## TASK GOAL
Give back the data below word for word. Any image in it should be left out.

Stored records
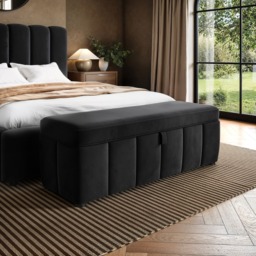SOLACE+CO Emilie Ottoman Blanket Box Black Velvet - thumbnail 1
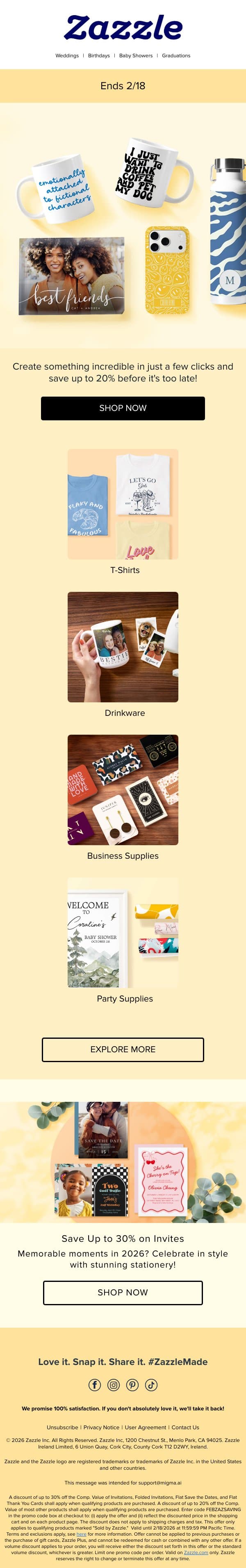 Ends Soon: Save 20% on Your Faves! email from Zazzle screenshot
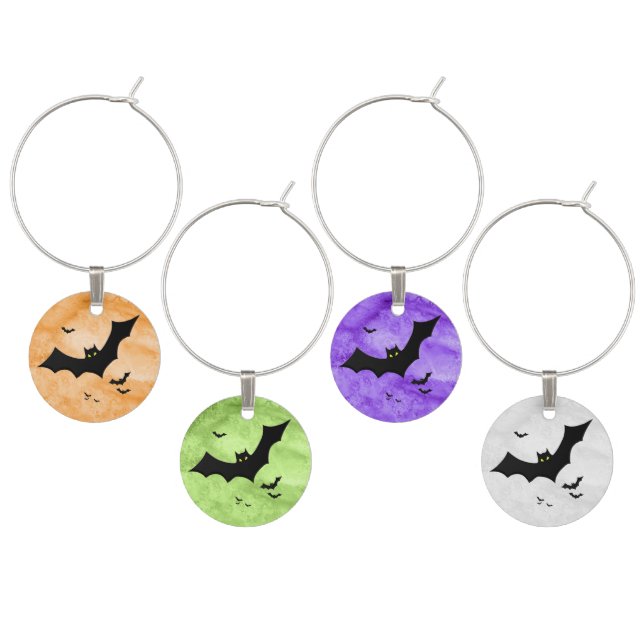Halloween Black Bats Silhouette  4-color Set Wine Charm (Staggered)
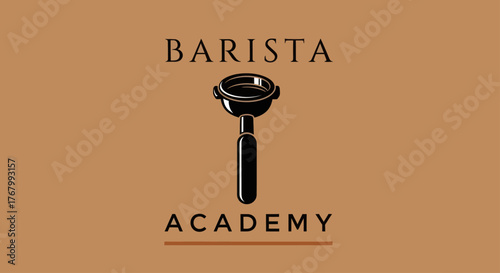 Barista Academy Logo Featuring a Portafilter, Symbolizing Coffee Education and Expertise.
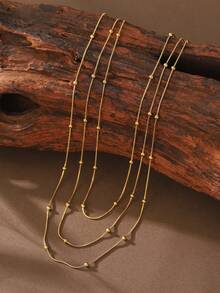 Cring Coco 1 pièce Collier en acier inoxydable 304 de forme géométrique avec design de faux perles, élégant et vintage. Cadeau élégant pour la fête des mères, la Saint-Valentin et pour une tenue quotidienne - Doré - Voir 2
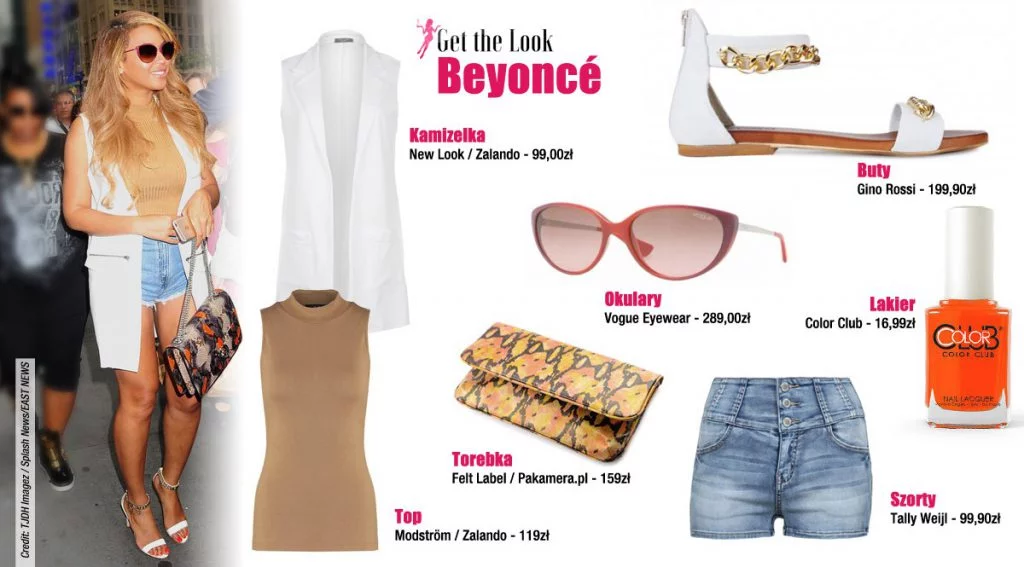 Beyoncé w szortach i białej kamizelce [GET THE LOOK]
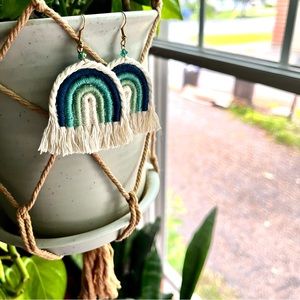Macrame rainbow earrings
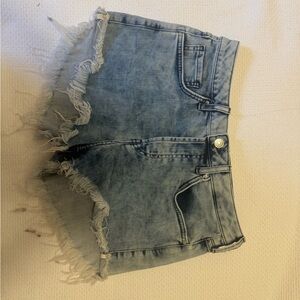 Denim Blue Women's Frayed Shorts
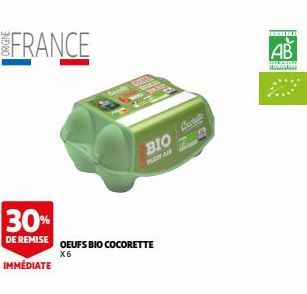 30%  DE REMISE  IMMÉDIATE  FRANCE  BIO  PLEIN AIR  OEUFS BIO COCORETTE X6  Castel  AB  REVIE 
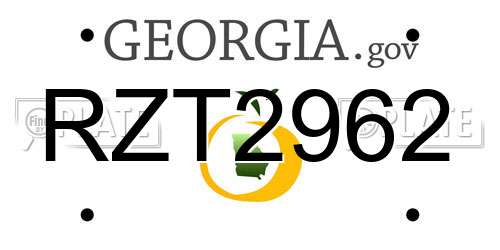 RZT2962 Georgia License Plate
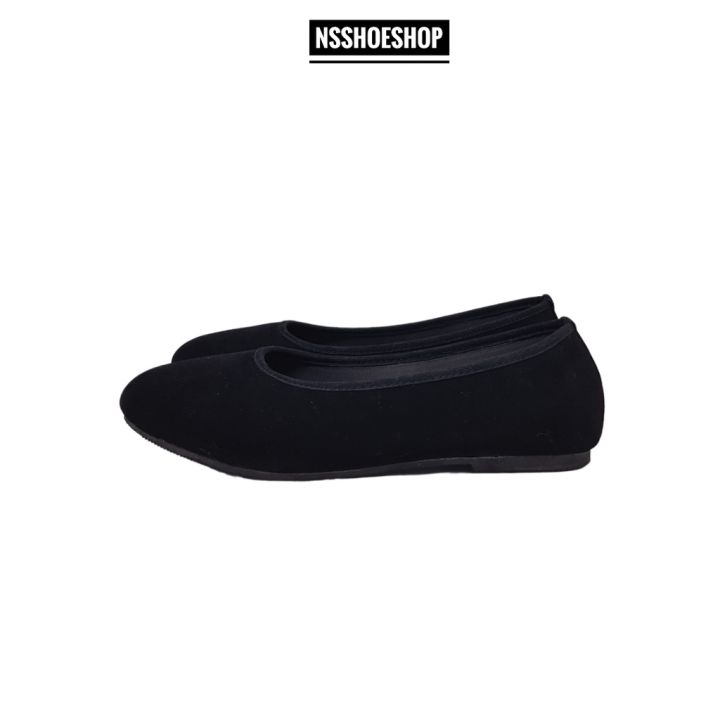 nsshoes-รองเท้าคัทชู-ส้นเตี้ย-ส้นแบน-สีดำกำมะหยี่-size-36-40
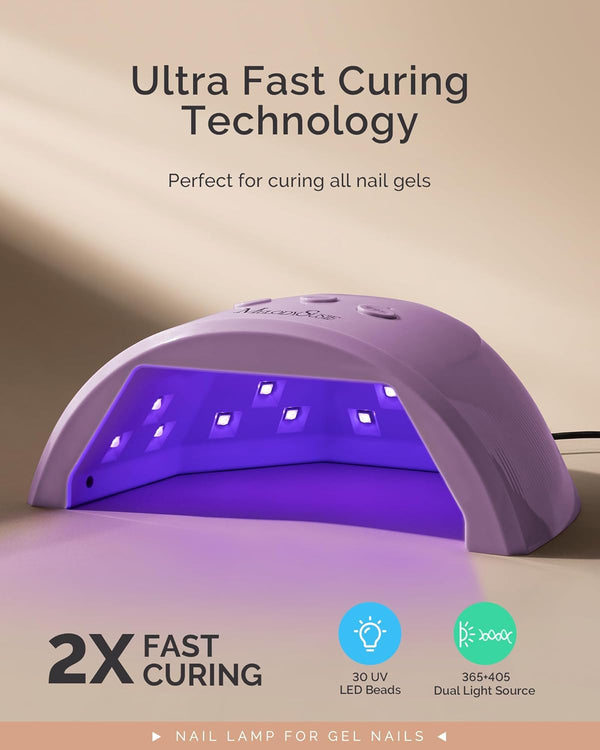 MelodySusie Compact Advanced UV LED Nail Lamp, P-Plus30F Nail Dryer with 3 Timers & Smart Sensor Cures All Gels, Especially Rhinestone Glue, Solid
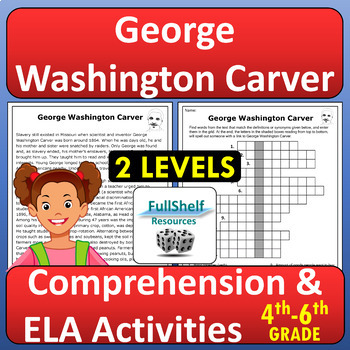 Preview of Black History Month Reading Comprehension George Washington Carver Activities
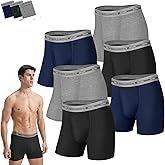 IGOLUMON Mens Underwear, 6 Pack Men's Boxer Briefs Soft Bamboo Rayon Boxers for Men Breathable Underwear Trunks with Fly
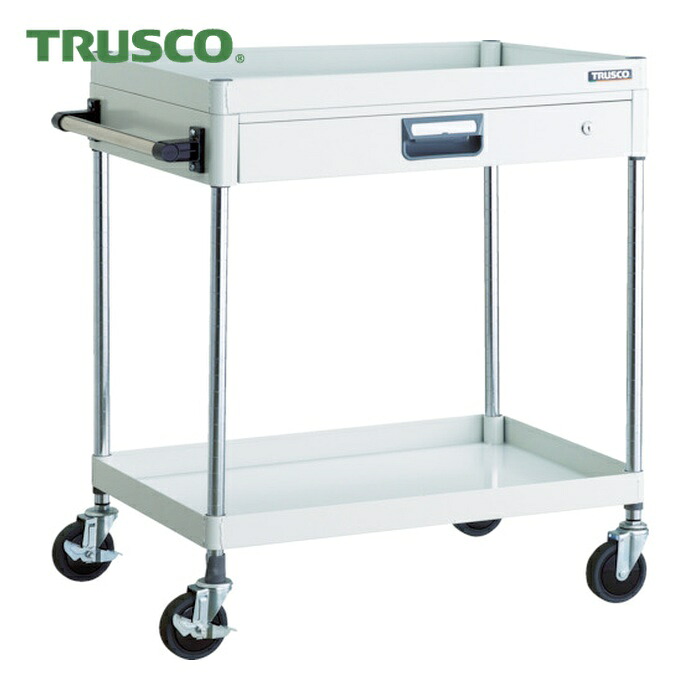 トラスコ TRUSCO ツールワゴン フェニックスワゴン 省音 750X500 薄型1段引出付 ホワイト (1台) PEW-972Z-W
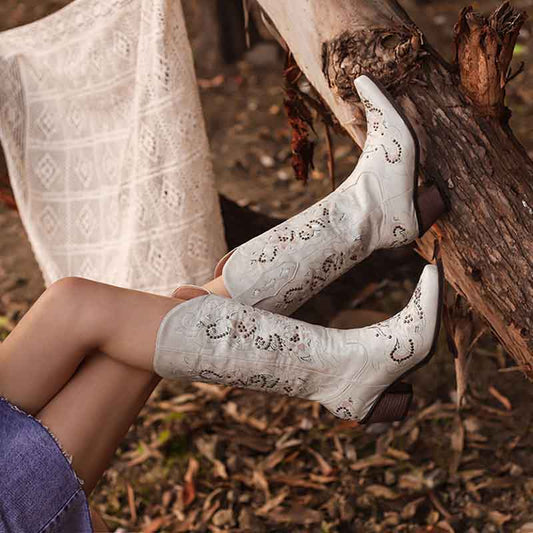 Women Embroidered Cowgirl Fashion Boots Chunky Boots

## TASK SOLUTION
SOLACE+CO Emilie Ottoman Blanket Box Black Velvet - thumbnail 1
 Ends Soon: Save 20% on Your Faves! email from Zazzle screenshot
Halloween Black Bats Silhouette  4-color Set Wine Charm (Staggered)
 Barista Academy Logo Featuring a Portafilter, Symbolizing Coffee Education and Expertise.
 Cring Coco 1 pièce Collier en acier inoxydable 304 de forme géométrique avec design de faux perles, élégant et vintage. Cadeau élégant pour la fête des mères, la Saint-Valentin et pour une tenue quotidienne - Doré - Voir 2
 Beyoncé w szortach i białej kamizelce [GET THE LOOK]
Macrame rainbow earrings
 Denim Blue Women's Frayed Shorts
 30%  DE REMISE  IMMÉDIATE  FRANCE  BIO  PLEIN AIR  OEUFS BIO COCORETTE X6  Castel  AB  REVIE 
 RZT2962 Georgia License Plate
 nsshoes-รองเท้าคัทชู-ส้นเตี้ย-ส้นแบน-สีดำกำมะหยี่-size-36-40
 MelodySusie Compact Advanced UV LED Nail Lamp, P-Plus30F Nail Dryer with 3 Timers & Smart Sensor Cures All Gels, Especially Rhinestone Glue, Solid
 Preview of Black History Month Reading Comprehension George Washington Carver Activities
 IGOLUMON Mens Underwear, 6 Pack Men's Boxer Briefs Soft Bamboo Rayon Boxers for Men Breathable Underwear Trunks with Fly
 トラスコ TRUSCO ツールワゴン フェニックスワゴン 省音 750X500 薄型1段引出付 ホワイト (1台) PEW-972Z-W
 Women Embroidered Cowgirl Fashion Boots Chunky Boots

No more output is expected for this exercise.